Hoofdstuk 19: Wakker

Direct wordt haar oog getrokken naar de grond, twee verdiepingen lager, 
waar aan de overzijde van de straat die vol staat met auto's en busjes, 
tientallen mensen in een kluitje bij elkaar staan.

Het zachte gefluister van de verplegers wekt Clara. Ze opent geschrokken haar ogen en zoekt naar Victor, die onbewogen in zijn bed ligt. Zachtjes deint zijn borstkas op en neer. Hij is er nog steeds, denkt ze opgelucht en ze baalt ervan dat ze in slaap is gevallen. Aan de andere zijde van het bed ziet ze de verpleegsters met hun rug naar haar toe staan. 
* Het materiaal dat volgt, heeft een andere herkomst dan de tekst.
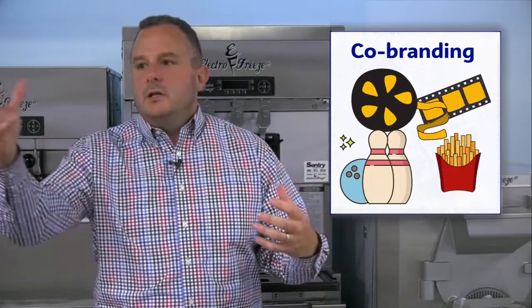Psychographics — demographics can be a little old and stale, so you want to talk to the community to see what their wants and needs are. Look for co-branding opportunities. Is the location adjacent to restaurants, bowling alleys, movie theaters, or entertainment centers that can give you a captive audience so you can capture some business?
‘Denk jij dat ze het is,’ hoort Clara de een tegen de ander smoezen. 
‘Nou, ik weet het niet. Het zou wel heel toevallig zijn.’ 
‘Ze heeft er wel wat van weg.’ 
Clara schuift met haar been over het matras en ze ziet de vrouwen in hun verplegersuniform een moment verstijven voor ze zich omdraaien. 
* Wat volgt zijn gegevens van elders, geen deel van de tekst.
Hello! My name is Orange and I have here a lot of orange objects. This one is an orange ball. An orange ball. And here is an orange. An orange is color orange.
‘Ah, je bent wakker geworden,’ zegt de ene verpleegster. Ze loopt naar het raam en pakt het gordijn beet. 
‘Je zult wel honger hebben,’ zegt de ander die zich over Victor buigt. 
Met een ruk wordt het gordijn opengetrokken. 
Clara draait zich naar het raam. De zon is op, maar verschuilt zich achter een dikke laag bewolking die de lucht grauw maakt. 
‘Hoe gaat het met Victor?’ vraagt Clara aan de verpleegster die bij hem staat. 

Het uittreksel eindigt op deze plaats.